Denn Transportschäden werden von dem Wertersatzanspruch gemäß § 357 Abs. 7 BGB nicht erfasst. Nach § 355 Abs. 3 Satz 4 BGB tragen Händler als Unternehmer die Gefahr der Rücksendung der Waren. Eine Entschädigung können sie vom Verbraucher nur dann verlangen, wenn er die Ware nachweislich unzureichend verpackt hat und die Beschädigung auch auf die unzureichende Verpackung zurückzuführen ist.
Aber auch wenn die Ware nur verschmutzt ist, können Händler die Preisdifferenz dem Kunden in Rechnung stellen. Fehlt die originale Produktverpackung ist hingegen zu differenzieren. Insbesondere Markenprodukte (z.B. Miniaturmodelle, Designer-Uhren) sind ohne eine Originalverpackung schwer verkäuflich. Der Hersteller eines Parfüms kann den Vertrieb ohne Originalverpackung nach § 24 Abs. 2 MarkenG sogar unterbinden.
Was gehört zur Prüfung der Ware?
Der Wertverlust der Ware berechtigt Händler jedoch nicht automatisch zum Wertersatz. Nach der Intention des Gesetzgebers muss dem Kunden in jedem Fall gestattet bleiben, die Beschaffenheit, die Eigenschaften und die Funktionsweise des gekauften Artikels zu prüfen. So ist z.B. bei Kleidungsstücken und Schuhen eine Anprobe unerlässlich, um eine Kaufentscheidung treffen zu können.Wird die Ware durch die Prüfung wertlos, muss der Verbraucher hierfür keinen Wertersatz leisten. Dieses Risiko trägt der Händler. Nach der Wasserbett-Entscheidung des BGH (Urteil vom 03.11.2010 - VIII ZR 337/09 ) gehört zur Prüfung nicht nur die Gelegenheit, die Ware in Augenschein zu nehmen, sondern auch sie "auszuprobieren" und zwar unabhängig davon, welche Auswirkungen das Ausprobieren auf den Wert des Artikels hat.
Bei Möbeln, die im zerlegten Zustand angeliefert werden, schließt dies das Auspacken und den Aufbau der Möbelstücke mit ein, bei einem Wasserbett das Aufblasen und das Befüllen der Matratze mit Wasser.
Nach einem in diesem Monat verkündeten Urteil des BGH (Urteil vom 12.10.2016 - VIII ZR 55/15 ) findet das Prüfungsrecht des Verbrauchers seine Grenzen in dem Vergleich mit den Prüfungsmöglichkeiten des Kunden in dem Ladengeschäft.
Im entschiedenen Fall hat der Verbraucher einen Katalysator in sein Fahrzeug eingebaut, eine Probefahrt unternommen und anschließend den Widerruf erklärt. Eine Ware, die - wie der Katalysator - in einen anderen Gegenstand eingebaut werden soll, ist im Ladengeschäft regelmäßig nicht auf ihre Funktion im Rahmen der Gesamtsache überprüfbar. Der Kunde hätte das ausgewählte Katalysatormodell oder ein entsprechendes Musterstück nur in Augenschein nehmen und mit Alternativmodellen oder dem bisher verwendeten Teil vergleichen bzw. sich fachkundig beraten lassen können.

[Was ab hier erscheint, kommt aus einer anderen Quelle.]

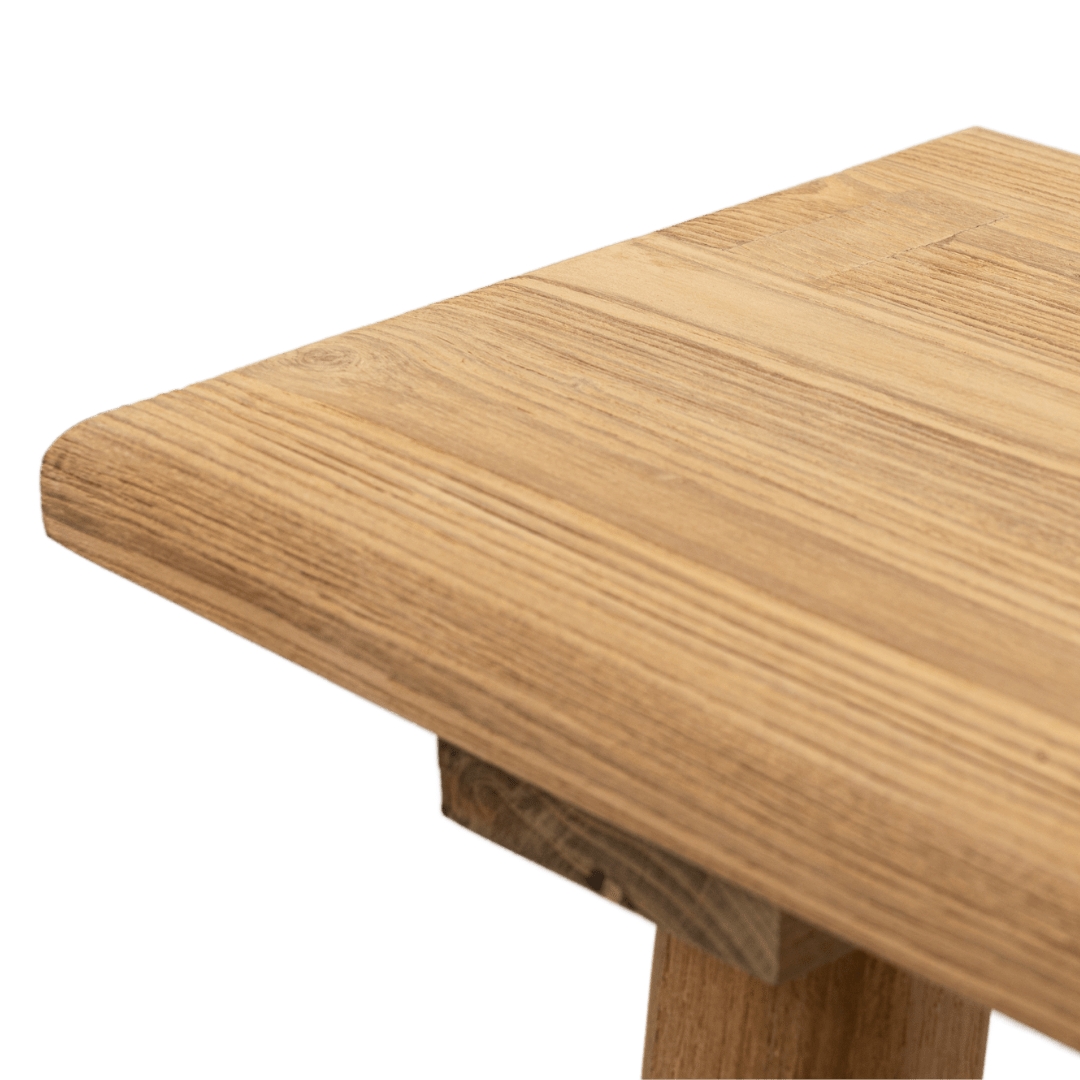 Banc Cabo en teck recyclé | 120 cm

Die Entscheidung zeigt, dass die Frage für jedes Produkt einzeln zu beantworten ist. Bei manchen technischen Geräten ist ein Ausprobieren der Ware im stationären Handel durchaus üblich wie z.B. bei Fernsehern, Kameras oder Handys, das Ansehen von WM-Spielen auf einem Großbildfernseher oder das Einlegen der eigenen SIM-Karte hingegen nicht möglich. Küchenmaschinen (z.B. Fritteusen, Saftpressen, beutellose Staubsauger) können auch im stationären Handel regelmäßig nicht getestet, sondern nur in Augenschein genommen werden.
Im Einzelfall müssen Händler nachweisen, dass die Ware über das Testen hinaus benutzt wurde. Neben dem Zustand der Ware (etwaige Verschmutzung) kann insbesondere die Entfernung von Preisschildern ein wichtiges Indiz für die Nutzung sein.
Zwar ergingen beide Entscheidungen zur Rechtslage vor Umsetzung der Verbraucherrechterichtlinie (VRRL), die aufgestellten Grundsätze gelten aber weiterhin, da die VRRL ebenfalls ein Prüfungsrecht des Verbrauchers vorsieht (Art. 14 Abs. 2 VRRL ) und auf den Vergleich mit dem Ladengeschäft (Erwägungsgrund 47 VRRL ) hinweist.